We are actually mildly bullish in 2015, but expect the ride to be bumpier. It is an increasingly wild world and this translates into volatility. For those who like investment techno-babble, less Alpha more Beta.
For the rest of us, expect markets to be more rock-n-roll than piano concerto.
The good news for US investors is that the domestic economy is doing OK. Our North American issues pale in comparison to all of the aforementioned. Valuations are not unreasonable, and every time the Dow drops 1000 points, sound investments may be purchased at a better price. The US is far less dependent on oil from regimes of questionable intent. Nothing has changed since our last commentary when we stated:
In recognition of increasing global tensions, we are over-weight the US, under-weight Europe, and still selectively adding to Asia. Latin America is an unfolding disaster, especially Venezuela, where local currency transactions are now conducted by wheel barrel and duffel bag.

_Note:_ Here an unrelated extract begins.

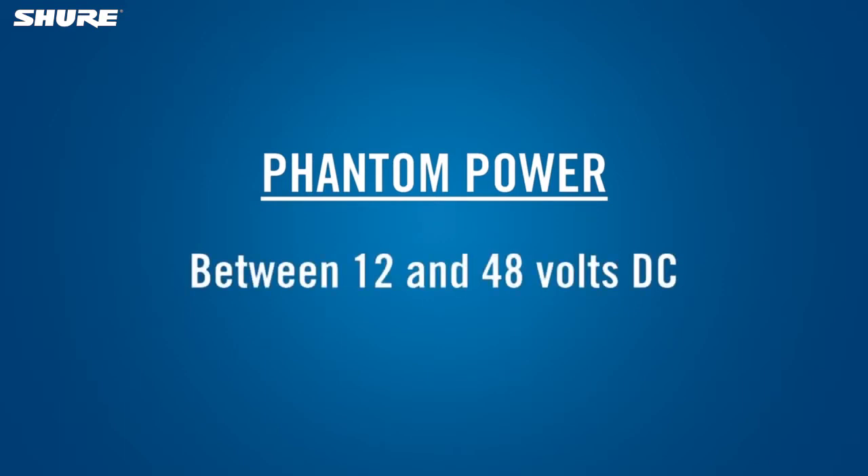Some condenser microphones can operate on a wide range of phantom voltages, while others require exactly 48 volts. Make sure that your mixer or recorder can supply the voltage that your condenser mic needs.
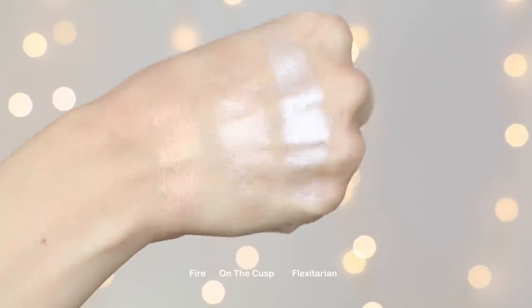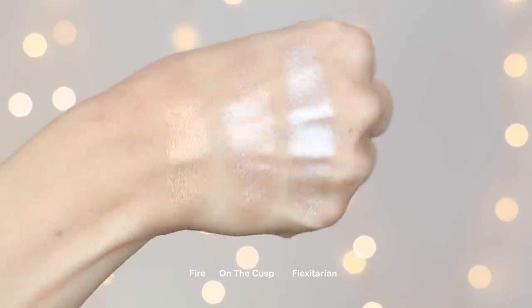For highlights, we all love the super shock highlights — this formula is just so unique and amazing. You honestly can't go wrong with any shade, but these three are my favorites. Of course I love 'Fire' and 'On the Cusp' since those are the ones I created, but besides those, 'Flexitarian' is the ultimate super shock highlight. It is so reflective and so intense — definitely the most intense highlight in my entire collection. If you want somebody to see you from across the building, you need this.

And then there are bonds. Intermediate and long-term bonds at current yields are well into bubble territory, even as short-term yields remain almost non-existent. The risk/return tradeoff in bonds gets worse and worse. We expect these conditions to remain in place over the longer term, and do not expect US Federal Reserve to raise short-term rates in the face of global conditions.
Our last two blogs were issued at the bottom of the past quarter’s recent corrections. We take no credit for reversing those downward movements but rest assured we will blog if the markets misbehave! In fact, this commentary was written during a 2-day, 500 point rally…..hmmmm.